::: Given records :::
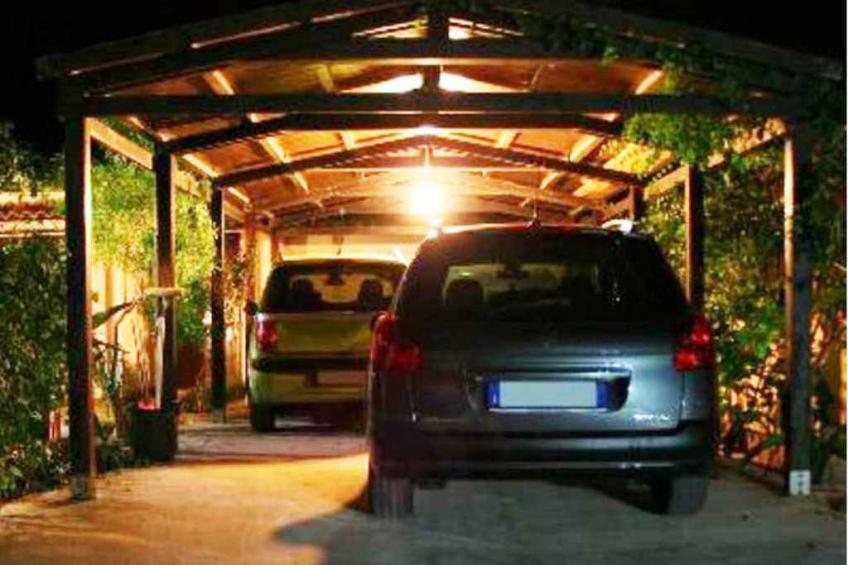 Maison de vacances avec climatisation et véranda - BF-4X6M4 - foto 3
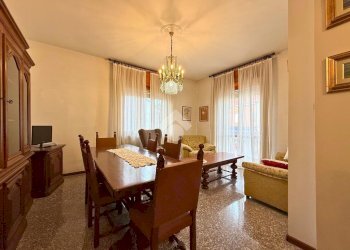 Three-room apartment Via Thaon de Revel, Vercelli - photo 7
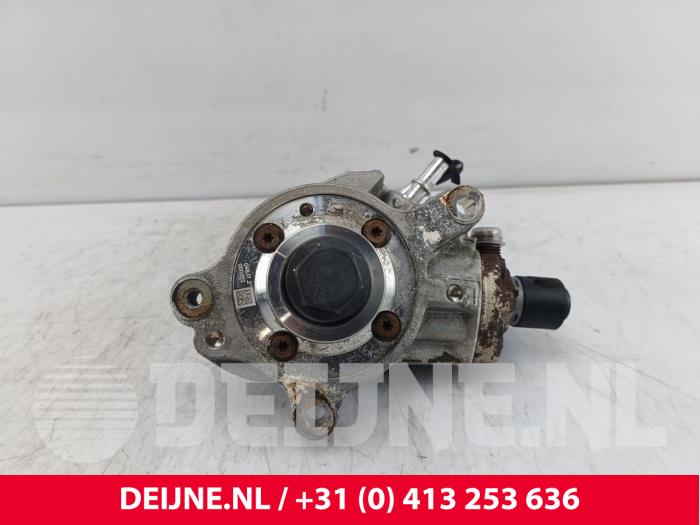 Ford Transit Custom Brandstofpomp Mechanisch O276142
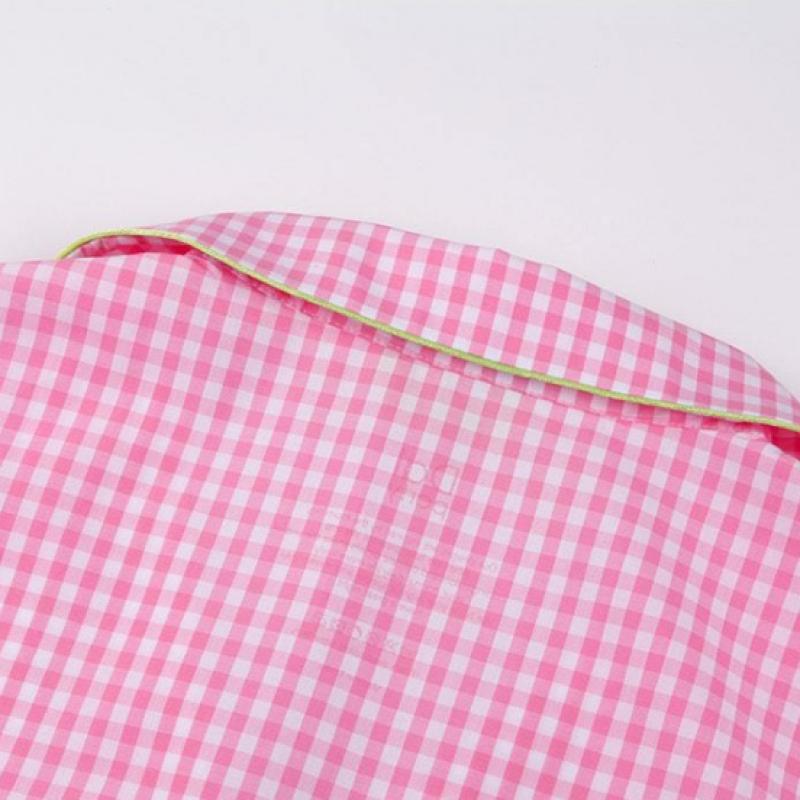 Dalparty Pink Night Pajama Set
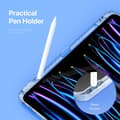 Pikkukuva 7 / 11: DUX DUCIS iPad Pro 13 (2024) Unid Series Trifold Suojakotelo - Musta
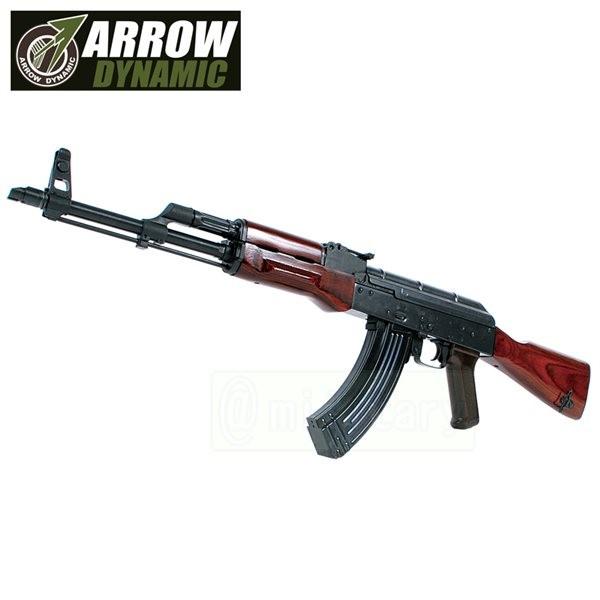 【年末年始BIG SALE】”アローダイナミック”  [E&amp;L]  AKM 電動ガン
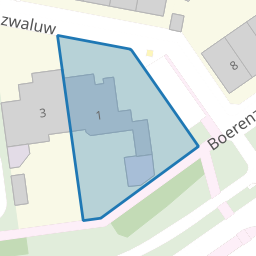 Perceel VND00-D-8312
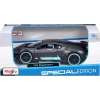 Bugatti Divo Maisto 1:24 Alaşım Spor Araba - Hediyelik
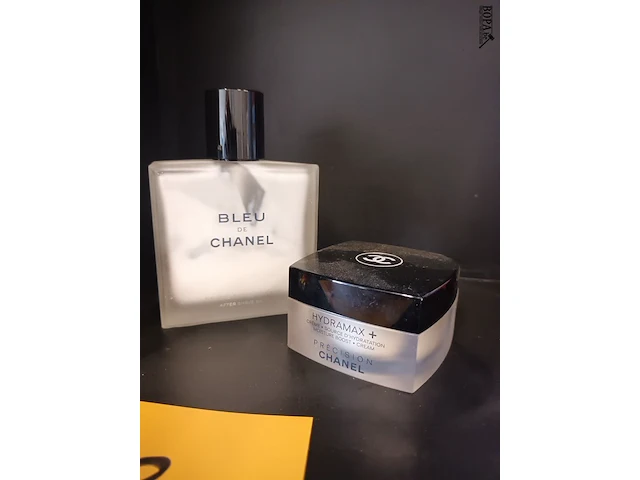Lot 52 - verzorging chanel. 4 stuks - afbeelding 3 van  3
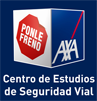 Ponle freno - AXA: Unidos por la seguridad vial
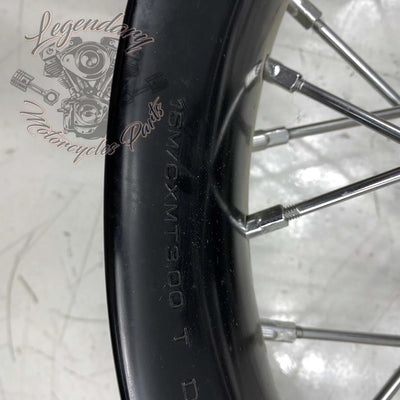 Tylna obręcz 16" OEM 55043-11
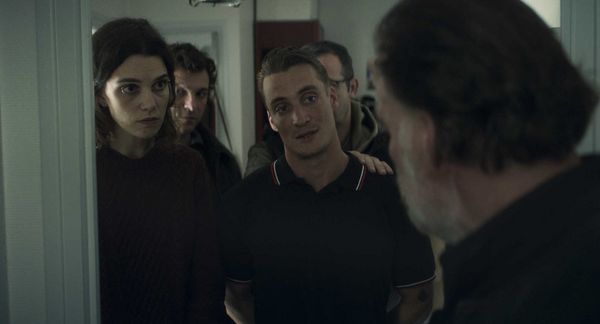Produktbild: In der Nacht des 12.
:::
Task to carry out: Print the lines from the one holding "Perceel VND00-D-8312" through the last line of the records, word for word, and omit the pictures.

Problem solution:
 Perceel VND00-D-8312
 Bugatti Divo Maisto 1:24 Alaşım Spor Araba - Hediyelik
Lot 52 - verzorging chanel. 4 stuks - afbeelding 3 van  3
 Ponle freno - AXA: Unidos por la seguridad vial
 Tylna obręcz 16" OEM 55043-11
Produktbild: In der Nacht des 12.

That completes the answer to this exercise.